Наши сотни шли в голове колонны, в авангарде — 6-я сотня князя Джандиери. У него скоро завязалась перестрелка с передовыми частями неприятеля, которые отступили.
Когда мы вышли на широкую равнину, против Уйянньина, пехота не дошла еще до него версты. Предполагая, что в Уйянньине японцев не было, так как все было там тихо, генерал Любавин приказал есаулу графу Келлеру выехать вперед на рысях с 4-й сотней и занять его, мы следовали за ним. Как только Келлер подъехал к броду, чтобы переправиться в местечко, расположенное на берегу Тайцзыхэ, оттуда и с ближайших сопок посыпались на него выстрелы. Весь конный отряд с артиллерией переправился через реку под сильным ружейным огнем, продвинулся вперед довольно широкой рытвиной, по которой можно было провезти орудия, и вышел позади местечка у крайней околицы; там батарея снялась с передков и открыла частый и очень удачный огонь по сопкам, занятым противником. В это время подошла пехота, Уйянньин был очищен от неприятеля, защищавшего еще довольно упорно ближайшие сопки. Наши пехотные цепи перешли в наступление.
Генерал Петеров, его начальник штаба полковник Беляев, генерал Любавин и мы, штаб-офицеры конного отряда, наблюдали за ходом боя с небольшой кумирни против улицы, ведущей на сопки, по которым двигались атакующие. Японцы участили огонь. Раненых проносили вереницею на перевязочный пункт. Это была решительная минута — чья возьмет. Но тут наша конно-горная батарея, стрелявшая из-за фанзы перекидным огнем, поддержала атаку пехоты, и японцы начали отступать.

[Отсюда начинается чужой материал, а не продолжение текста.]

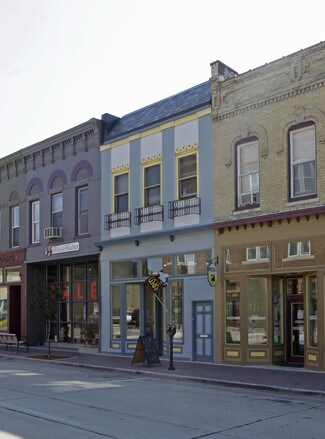 Plus de détails pour 505-507 6th St, Racine, WI - Commerce de détail à louer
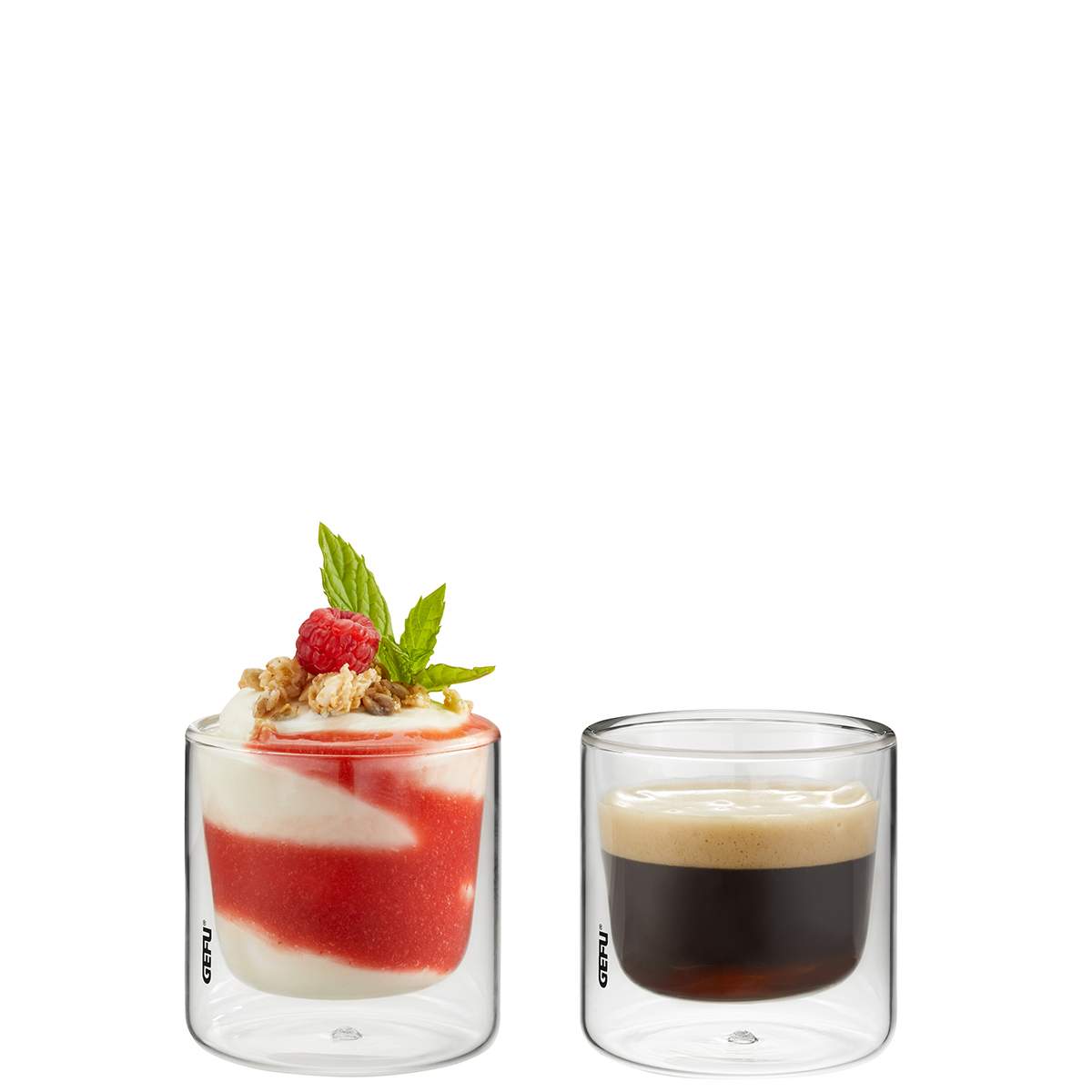 Doppelwandige Gläser für Dessert und Espresso von GEFU Zwei doppelwandige Gläser von GEFU, eines mit Dessert und Himbeergarnitur, das andere mit Espresso gefüllt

Наши потери были исключительно в Мокшанском полку: убит один офицер и один ранен, нижних чинов выбыло из строя около сорока. У нас был убит только один казак 5-й сотни. Несмотря на то что моя лошадь вместе с другими находилась в сравнительно защищенном месте, она была легко задета пулею.
Прекрасно работали наши горнушки — к сожалению, из имевшихся 170 снарядов было израсходовано 96, осталось всего только 74.
Заботкин и я заняли разоренную фанзу, в которой был заготовлен японцами обед из риса и овощей, но они не успели его съесть, — наше появление было неожиданным и атака настолько стремительная, что они бросили на месте боя двух раненых.